Elena rimase immobile, seguendo i movimenti del fratello di Basilio. Quando la sottile figura scomparve oltre la soglia della grande sala, rivolse un saluto forzato a Viktor e si ritirò nuovamente nelle sue stanze. Era stato un incontro incredibilmente breve. Un lampo. 

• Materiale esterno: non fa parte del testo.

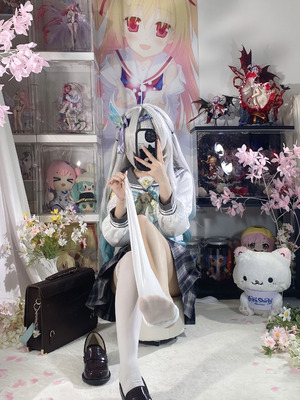 白栎Shirly - 流萤 春日手信 (崩坏：星穹铁道)_062_jsne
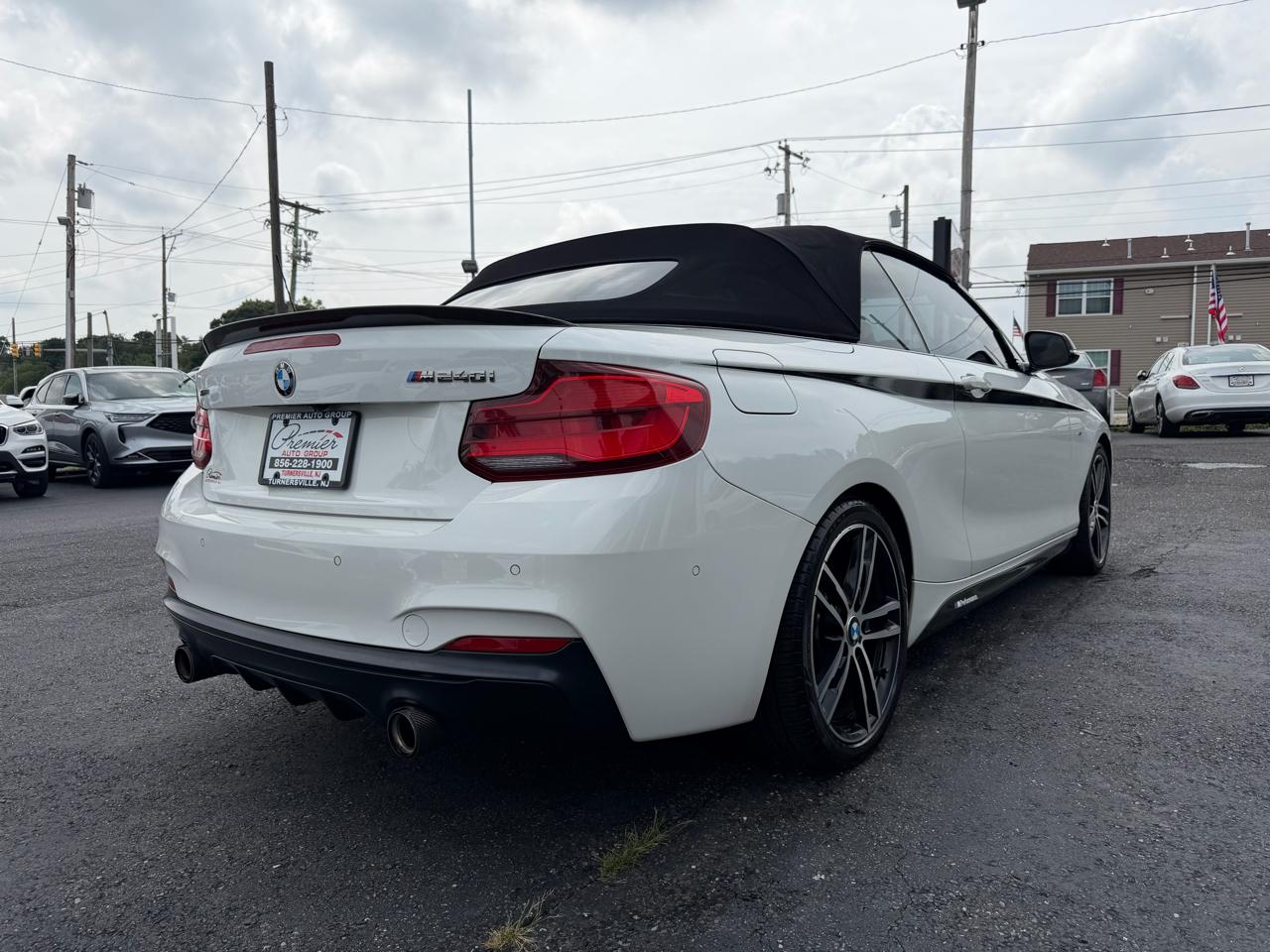 BMW 2 Series  2018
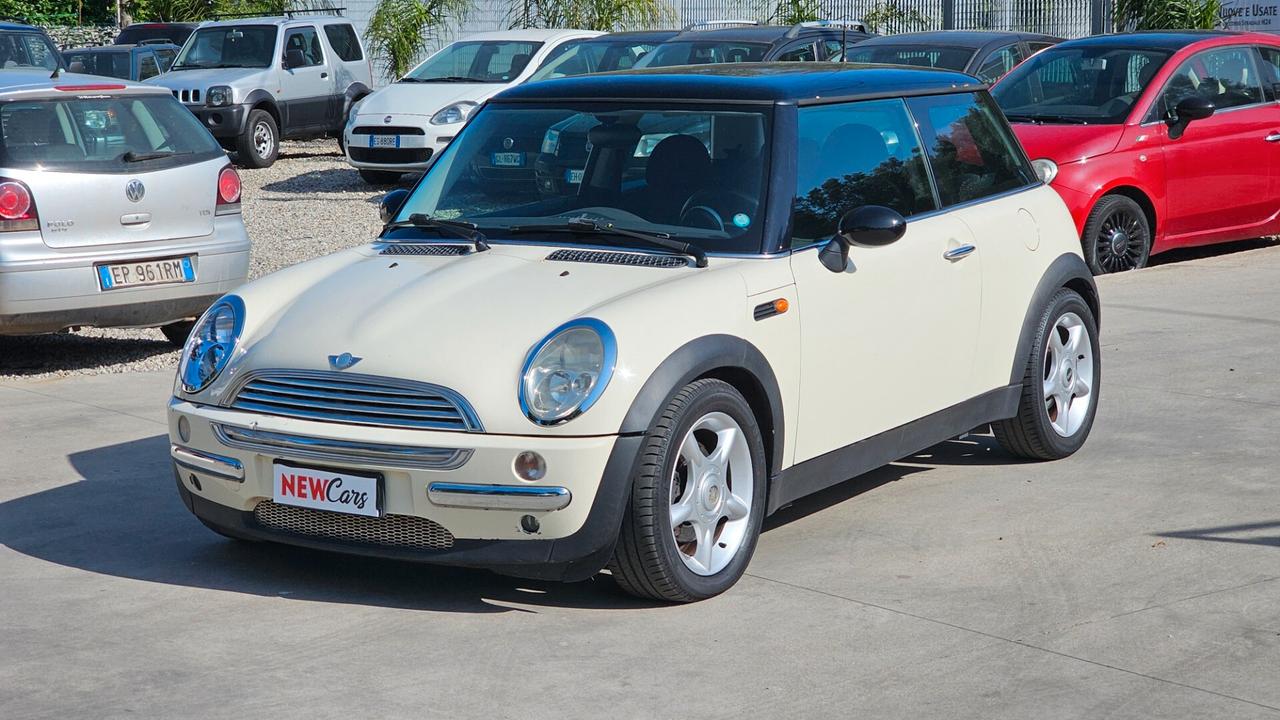 Mini Mini 1.6 16V Cooper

Tolse il trucco dalla faccia e la pelliccia dalle spalle. Poi venne presa dal panico: la situazione era peggiore di quanto avesse immaginato. I suoi nemici si annidavano anche in seno alla famiglia, addirittura tra i parenti prossimi del suo defunto consorte. Quali e quante serpi le strisciavano tra i piedi, attendendo il momento in cui avrebbe scoperto la caviglia? Non poteva morire, non poteva lasciare i suoi figli in quel mondo di orrori e demoni.

Pressata dalla necessità di reagire, di fare qualcosa, Elena cominciò ad urlare e a piangere.

Il piccolo Ivan, svegliato dalle grida di sua madre, restò in silenzio ad ascoltare il suono della paura.